For errors caused by large documents, it does have a high probability to yield errors. I think a paper has this amount of data would have various layouts (For example, you may refer to pages 21-22 of this paper, its main part is nearly only images), which is not able for handling by my fork.

@goldengrape You may test my new fork. I fixed the errors in this long paper.

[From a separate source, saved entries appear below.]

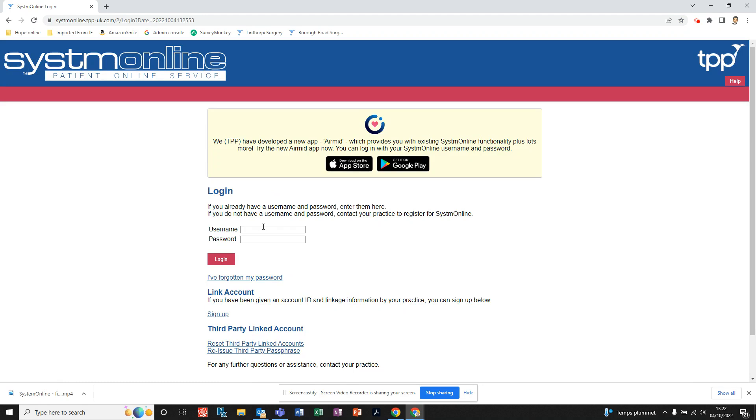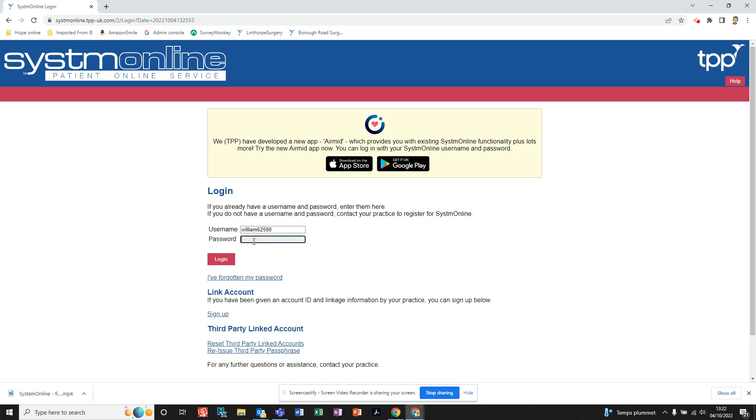Then what you need to do is log in with your username and password. Your username is always the same, which is the one that was issued to you by your surgery. The password will be the one that you changed to when you initially set up the account when you first signed in.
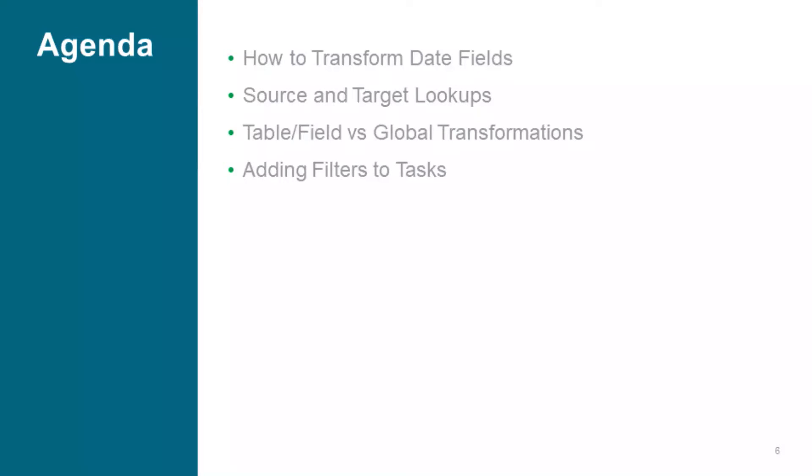Hi everybody, this is Amit Kumar and welcome back to Qlik Replicate tutorial. In this tutorial I will show you how to transform date fields, source and data lookups, table fields versus global transformations, and adding filters to tasks.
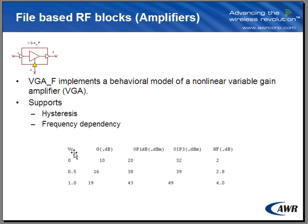One format that is supported here is control voltage gain, P1 dB, IP3, and noise figure information.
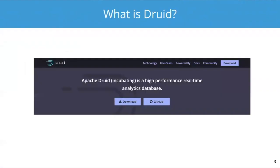So what is Druid for? We had some people in the poll that haven't gotten started with Druid yet — you're just at the beginning of the Druid journey. And if you go to the Druid.io website, you'll see that Apache Druid, currently incubating, is a high performance real-time analytics database. I just want to break down this tagline because I think it really explains what Druid does pretty well.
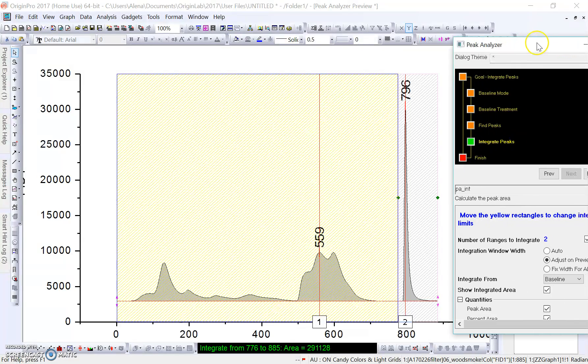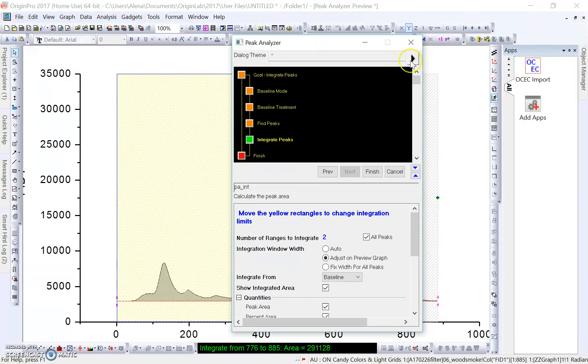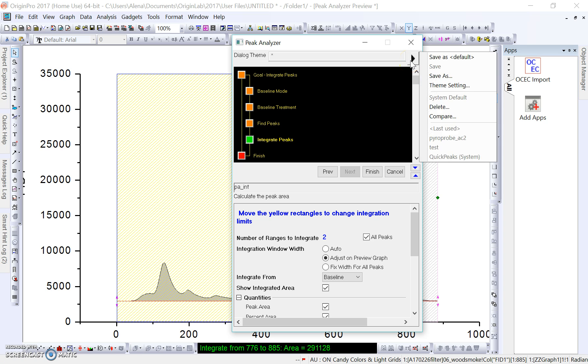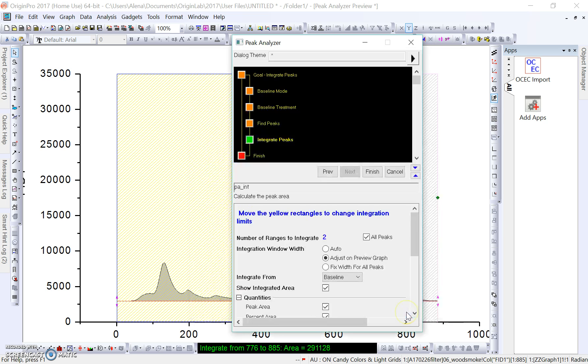Bring back our Peak Analyzer box. At this point, before clicking Finish, we're going to actually save this dialog so that we can use it for a later time. I'm going to label this pyroprobe_AC because that's the current method we are using for our instrument. I'm going to save that by clicking OK, and now we can click Finish.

Maybe it would work on your long papers?

Edited: it is quite robust (at least robust than the previous version) now. You may try on it.

goldengrape commented 1 year ago

@MrPeterJin I understand the reason for my previous failure now. It's because I was testing with 'books' instead of 'research papers'. For books, the formatting may be more complex and errors can occur with book titles. Now that I've limited the PDFs to research papers, there are no issues.

For research papers, there are too many implicit assumptions about the format. Therefore, you can estimate whether it is a title by its position. Of course, limiting the use to a specific field is a good implementation method.

But I suggest a more "ChatGPT" way, for example, you can extract the content of the first page or the first N sentences and directly ask ChatGPT which sentence is the title. Similarly, it is also possible to use a prompt to determine whether a piece of text is a reference.